I am trying to write a Python code that creates PDF from HTML. using the instructions in this link. But I strugle with how to precise/adapt the value of the JSON field within "cpf:inputs > params > cpf:inline" of form parameters, containing this value: <script src='./json.js' type='text/javascript'></script>

I noticed that it was said that:

In case of dynamic HTML this API allows you to capture the users unique data entries and then save it as PDF. Collected data is stored in a JSON file, and the source HTML file must include <script     src='./json.js' type='text/javascript'></script>

and it was said in the link always, concerning the description of the json field:

____________________________________________________________________________

claiming that :

json(string, optional)

JavaScript variables to be placed in global scope to reference while rendering the HTML. This mechanism is intended to be used to supply data that might otherwise be retrieved using ajax requests. The actual mechanics of accessing this content varies depending if rendering from a zip file or from a url.

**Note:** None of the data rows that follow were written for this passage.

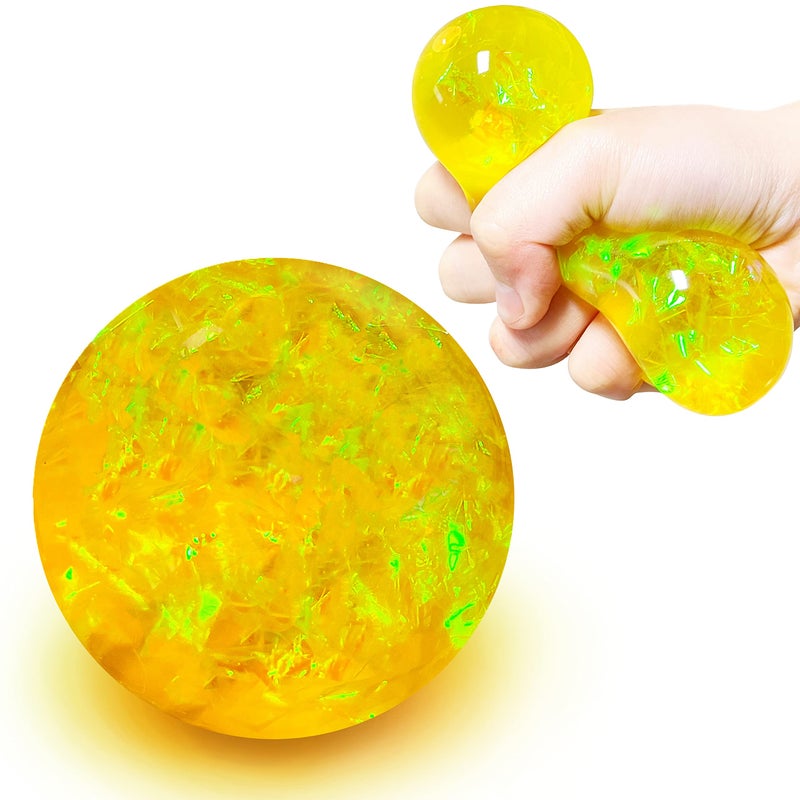 Kawaite Yellow Glitter Stress Balls Fidget Toy Squishy Balls for Kids Stretch and Pull Squishy Squeeze Ball Stress Relief Gifts for Boys Girls and Adults Ideal for Autism ADD ADHD - Image 3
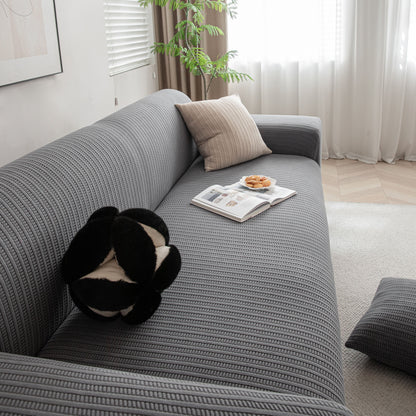 3D Grid Jacquard Sofa Cover, High Stretch Plush Waffle Couch Slipcover with Tie Straps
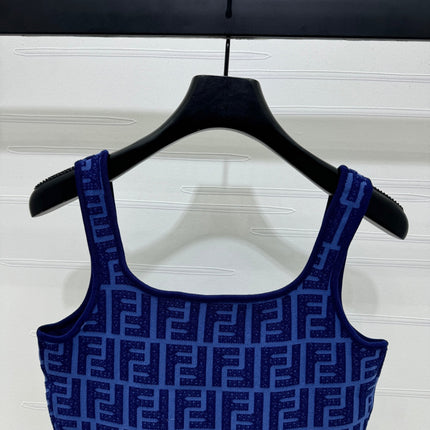 Fendi 25 Blue Knit Tank Top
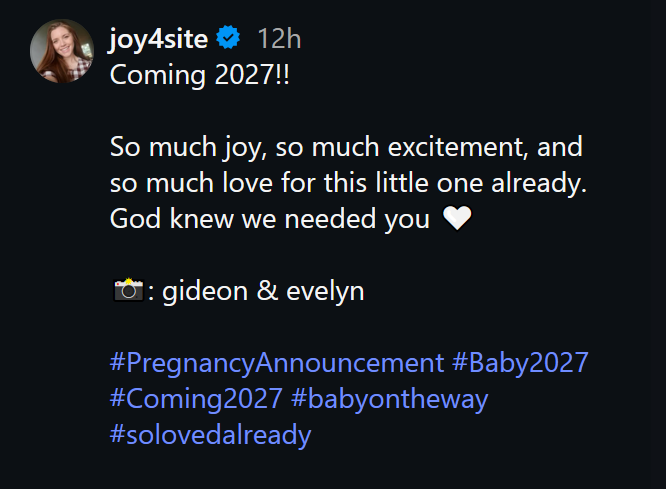 Joy-Anna Duggar's Instagram caption on September 1, 2026.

When rendering from a zip file, the source collateral must include a script element such as:
<script src='./json.js' type='text/javascript'></script>
When rendering from a URL, the content of this json object is injected into the browser VM before the page is rendered.

default: {}

Could you please help with this? (If you can precise what this json brings to the conversion operation, why using it is useful? and at which step it should be used?) thanks.

Here is my current Python code:

import datetime
import json
import jwt
import os
import requests

# informations to find in Adobe user account : credentials, Generated jwt

  # credentials
client_id= "ùù" # CLIENT ID (API key)
client_secret= "$"

  # Generated jwt
jwtPayloadRaw = """
                {"exp":,
                "iss":"@AdobeOrg",
                "sub":"@techacct.adobe.com",
                "https://ims-na1.adobelogin.com/s/ent_documentcloud_sdk":true,
                "aud":""}
                """

# set input file name
inputFileName = "blog_files"

# set output file name
outputFileName = "output"

url = "https://ims-na1.adobelogin.com/ims/exchange/jwt"

# convert jwt token into a Dictionary
jwtPayloadJson = json.loads(jwtPayloadRaw)
jwtPayloadJson["exp"] = datetime.datetime.utcnow() + datetime.timedelta(seconds=30) # Adobe requires adding a field in the json token with an expiration parameter

# getting the private Key
keyfile = open(os.getcwd()+"\config\private.key","r") # points to the private key
private_key = keyfile.read()

# Encoding the jwt token using the private key
jwttoken = jwt.encode(jwtPayloadJson, private_key, algorithm="RS256")

# Requesting server authorization
accessTokenRequestPayload = {"client_id":client_id, "client_secret": client_secret}
accessTokenRequestPayload["jwt_token"] = jwttoken

result = requests.post(url, data = accessTokenRequestPayload)

# getting Bearer token from the server
resultjson = json.loads(result.text)

import requests
import time
import json

URL = "https://cpf-ue1.adobe.io/ops/:create?respondWith=%7B%22reltype%22%3A%20%22http%3A%2F%2Fns.adobe.com%2Frel%2Fprimary%22%7D"

# the bearer token written in this format : "Bearer generated_access_token"
Bearer_token = resultjson["token_type"]+" "+resultjson["access_token"]

# the headers
h = {
    "Authorization": Bearer_token,
    "Accept": "application/json, text/plain, */*",
    "x-api-key": client_id,
    "Prefer": "respond-async,wait=0"}

# the input file
myfile = {"InputFile":open(os.getcwd() + "\\" + inputFileName + ".zip", "rb")}

# open the JSON containing form parameters
with open("formatParams.json") as jsonFile:
    j = json.load(jsonFile)
    jsonFile.close()


body = {"contentAnalyzerRequests": json.dumps(j)}

resp = requests.post(url=URL, headers=h, data=body, files=myfile)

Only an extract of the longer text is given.